Task data
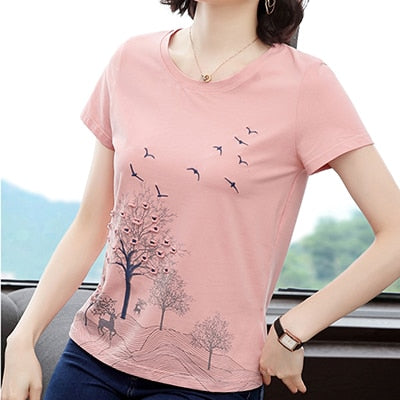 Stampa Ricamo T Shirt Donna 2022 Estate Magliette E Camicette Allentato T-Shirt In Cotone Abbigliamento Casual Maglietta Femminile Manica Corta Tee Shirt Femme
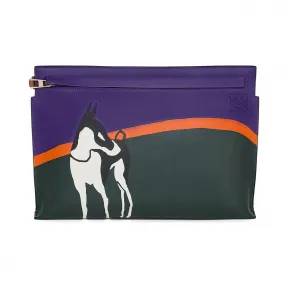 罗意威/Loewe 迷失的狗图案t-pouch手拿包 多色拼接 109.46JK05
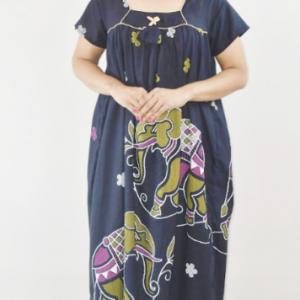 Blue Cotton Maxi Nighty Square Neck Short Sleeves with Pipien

--

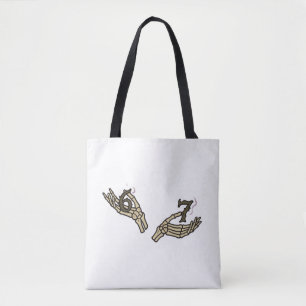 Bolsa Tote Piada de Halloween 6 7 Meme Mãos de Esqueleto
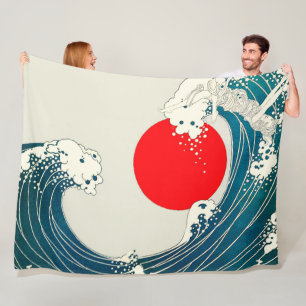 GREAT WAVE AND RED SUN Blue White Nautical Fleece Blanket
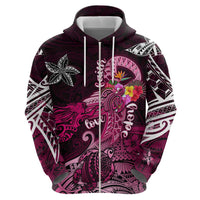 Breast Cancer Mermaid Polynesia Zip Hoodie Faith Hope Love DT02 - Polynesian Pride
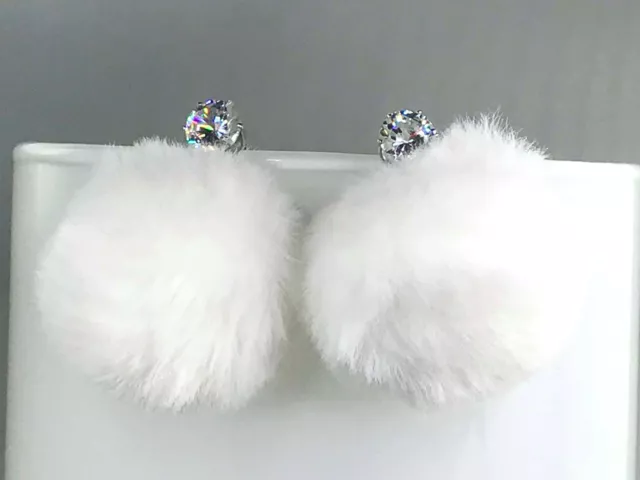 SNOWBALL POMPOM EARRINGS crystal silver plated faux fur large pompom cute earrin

...

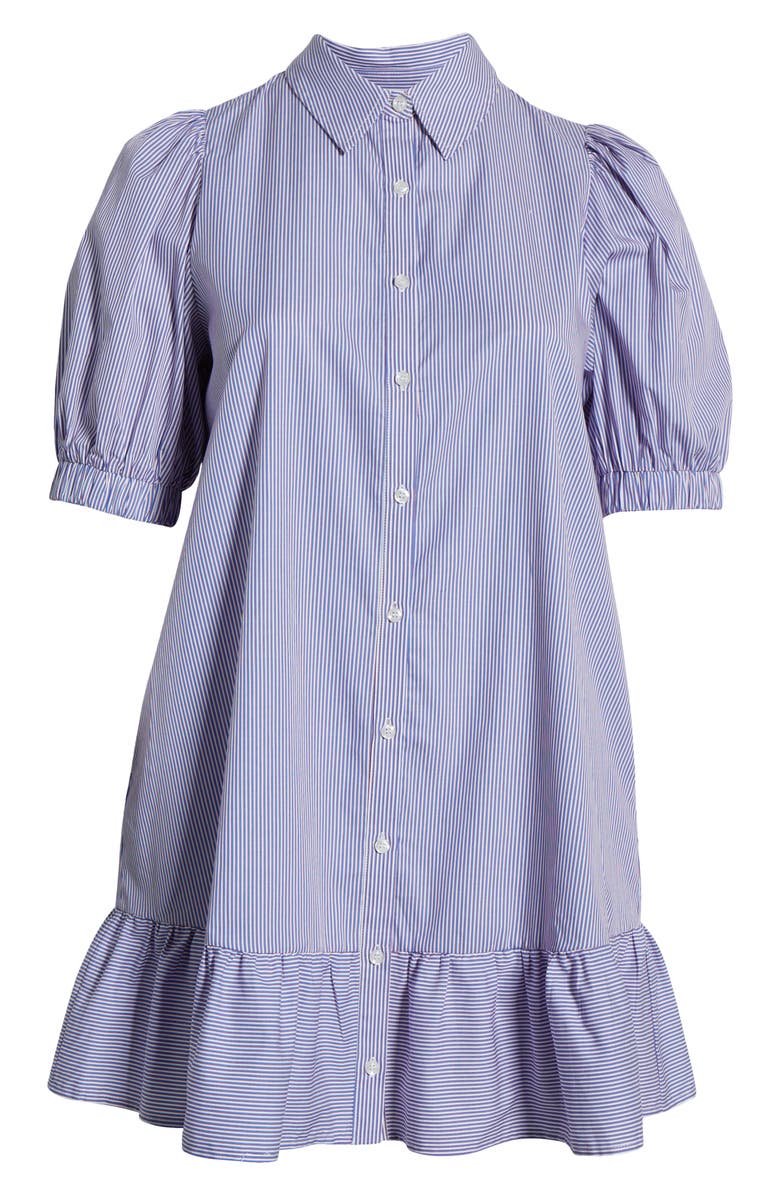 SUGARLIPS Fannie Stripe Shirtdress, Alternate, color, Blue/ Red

Exercise directions
Each line above from the one containing "Bolsa Tote Piada" through the one containing "Breast Cancer Mermaid" is to be returned verbatim. Nothing else, and no pictures.

Response to the task
 Bolsa Tote Piada de Halloween 6 7 Meme Mãos de Esqueleto
 GREAT WAVE AND RED SUN Blue White Nautical Fleece Blanket
 Breast Cancer Mermaid Polynesia Zip Hoodie Faith Hope Love DT02 - Polynesian Pride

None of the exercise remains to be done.